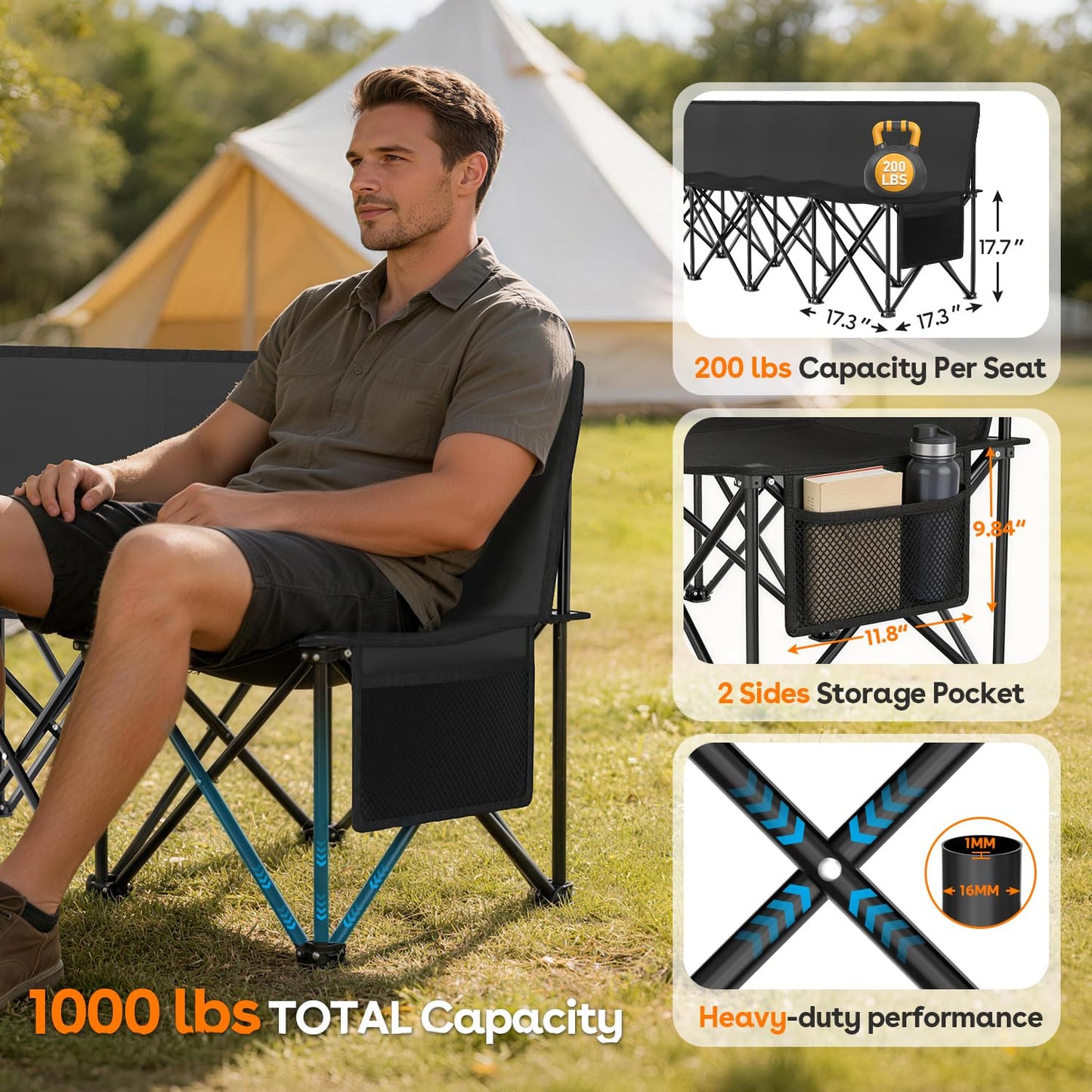 Suteck 8-Seat Folding Bench Seat–Portable Team Bench Soccer with 17.3"x 17.3" Individual Seats, 600D Oxford Fabric & Side Pockets, Heavy Duty Outdoor Bench for Sports, Camping, Patio & Park Events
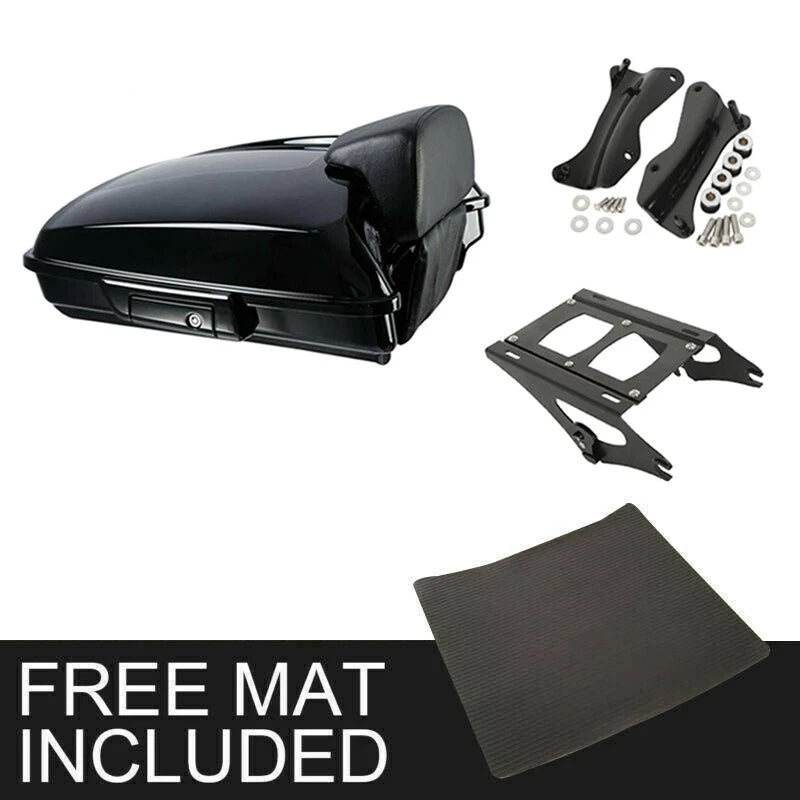 Black Razor Trunk Backrest Rack & Docking Kit for Harley Road Glide (2014–2026)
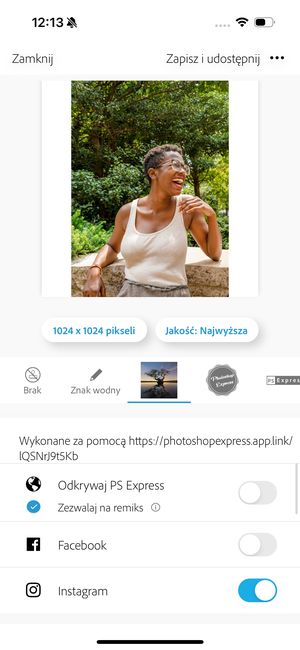 Włącz przełącznik obok opcji Instagram, aby udostępnić zdjęcie na Instagramie. 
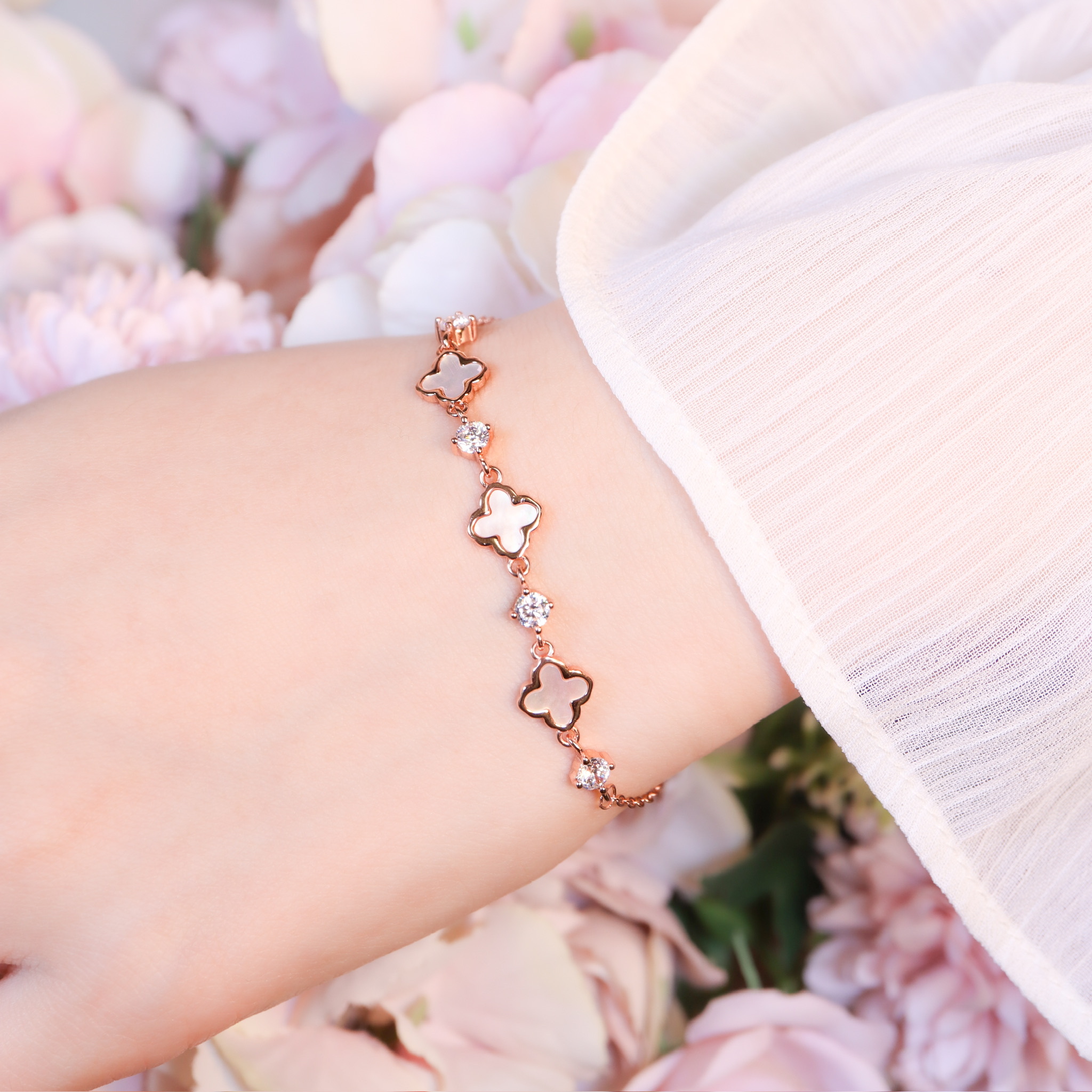 | 925純銀・白金・ 玫瑰金 | 純凈幸福手鏈(銀/玫瑰金) | BR1546 |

============================================================

## PROBLEM REQUIREMENTS
Please return only the lines running from the line with "Włącz przełącznik obok" to the final line of the data, both included, exactly and without any pictures.

## EXERCISE ANSWER
 Włącz przełącznik obok opcji Instagram, aby udostępnić zdjęcie na Instagramie. 
 | 925純銀・白金・ 玫瑰金 | 純凈幸福手鏈(銀/玫瑰金) | BR1546 |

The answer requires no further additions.